So I said to these two guys, separately, “You have to pay me. I’ll fuck your brains out but you have to pay me.”
And they did. In fact, they paid me so much that in no time I had $5,000. $5,000, Katie! That was a lot of money to have back in 1978. For me it was, anyway. And they knew that I was fucking both of them but they never let on about it or wanted me to do both of them at once or anything kinky. Just hand jobs, blow jobs, vaginal, anal. That was it. And Katie, they were so nice. We’d go to their house, hang out, and I’d blow them or give them a hand job. It was fun. Sometimes I’d do the full nine yards with them, this big build up teasing routine, strip teases, playing with myself, flashing them. And this whole time I was giving my paycheque from the gas station to my husband, but I was building up a stash of cash that I kept hidden. I had a hiding place, Katie. I stashed my cash.

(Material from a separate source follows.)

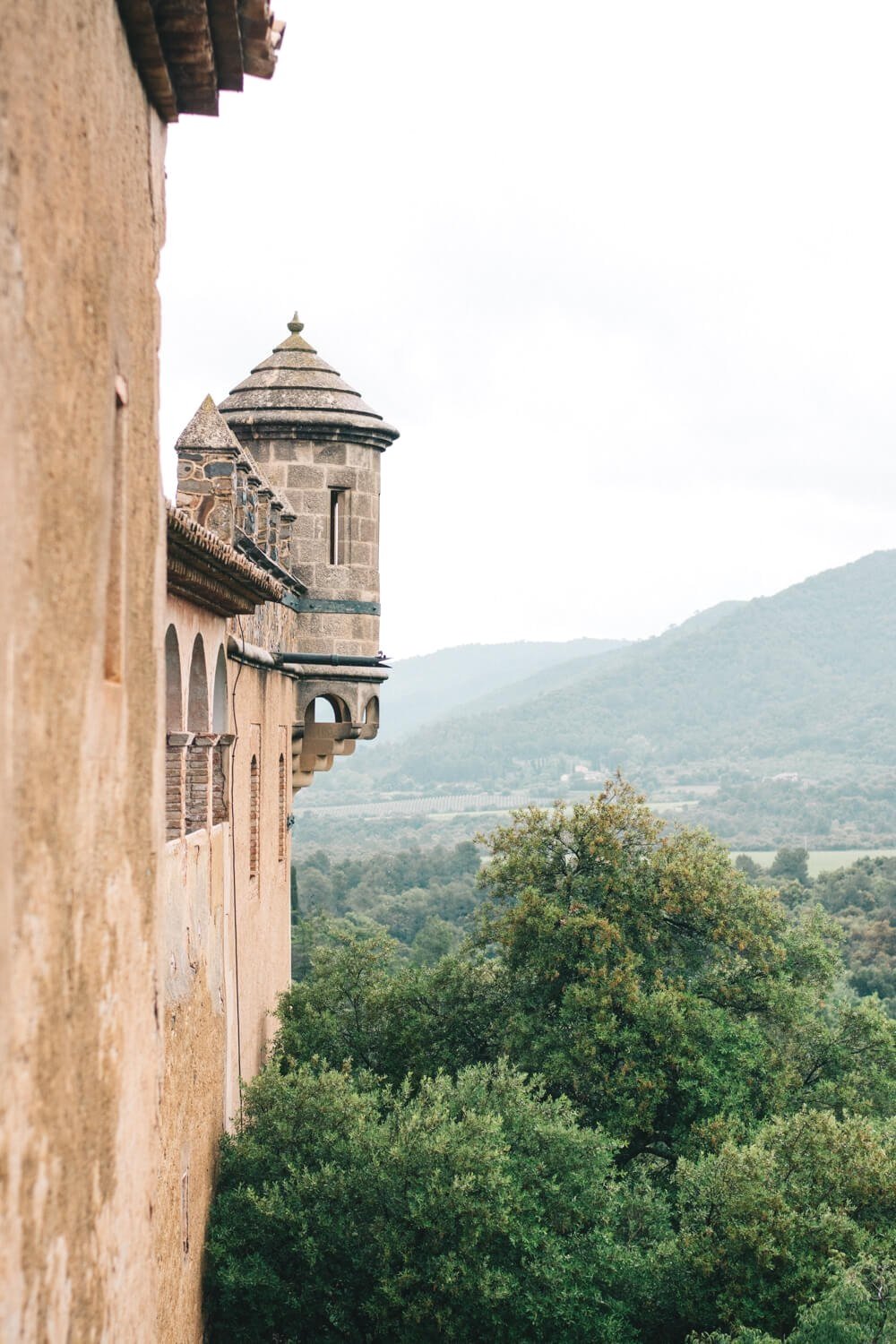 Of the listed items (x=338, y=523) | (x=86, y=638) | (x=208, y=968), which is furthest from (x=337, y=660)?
(x=86, y=638)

When I realized I actually had $5000, I split. I wasn’t extra nice to anybody or anything like that, I didn’t give any signs. No free BJs – I just split. Left everything behind. I had $5000. Bought a bus ticket because I wanted to conserve money and when you’re in the middle of Saskatchewan even getting to an airport costs money. Nope, I knew the schedule, went to the station right before departure, bought a ticket and that was it. I figured the guys would understand. I mean, how happy could I have been, right? Married to an abusive prick out on the middle of the prairies, my only friends a couple of johns I worked with. And that was my only time hooking. Do NOT say sex worker around me. Jesus phuck those feminists take the fun out of everything. I was a hooker, not a sex worker. Sex worker reminds me of those black and white images coming out of the old Soviet Union when we were kids.
And you know, Katie, my husband never even looked for me. I laid low, didn’t let anybody know where I was, as far as everybody I’d known was concerned I’d dropped off the face of the earth. Got a job waitressing at a diner in Toronto and a guy comes in my first week and tells me, “Hey beautiful, you could make better money stripping. You’re gorgeous. Can you dance?” So I worked at his club but I wasn’t into it. I wanted to hang out with the beautiful people, not a bunch of narcissistic twats with problems – yeah, you got problems, you’re narcissistic twats shoveling coke up your noses – so I got a job bartending in a disco.
There weren’t very many female bartenders, either, Katie. And I knew my husband would never show up at a disco because he was totally homophobic and thought dancing was gay. That was another thing that I was so happy about, no more having to listen to his music, we always had to listen to his music. Why do we have to listen to their music after we move in together? I didn’t know he wasn’t even looking for me, I thought I had to stay away from anywhere he might show up. He didn’t even know Toronto, Katie. It would be the last place he’d show up. But I was in this role now, not of victim, but of survivor. I’m a survivor, Katie. No, not a survivor, a victor. I am victorious.
Eventually, I got in touch with my family, but I didn’t let them know where I was. I just said I wasn’t with my husband. And they thought that was a sin, but it was a necessary sin, so that was okay but let’s not talk about it. My mother said, ‘It’s okay to leave your husband because you made a mistake marrying him but don’t talk about it. Jehovah is all that matters and Jehovah forgives you. Your dad matters, too, of course, and he doesn’t want to have to talk about it. He feels bad for you, that you had to go through all that and he couldn’t help you. But you have to appear before the elders. We can’t do anything. The elders have to decide if we can see you.’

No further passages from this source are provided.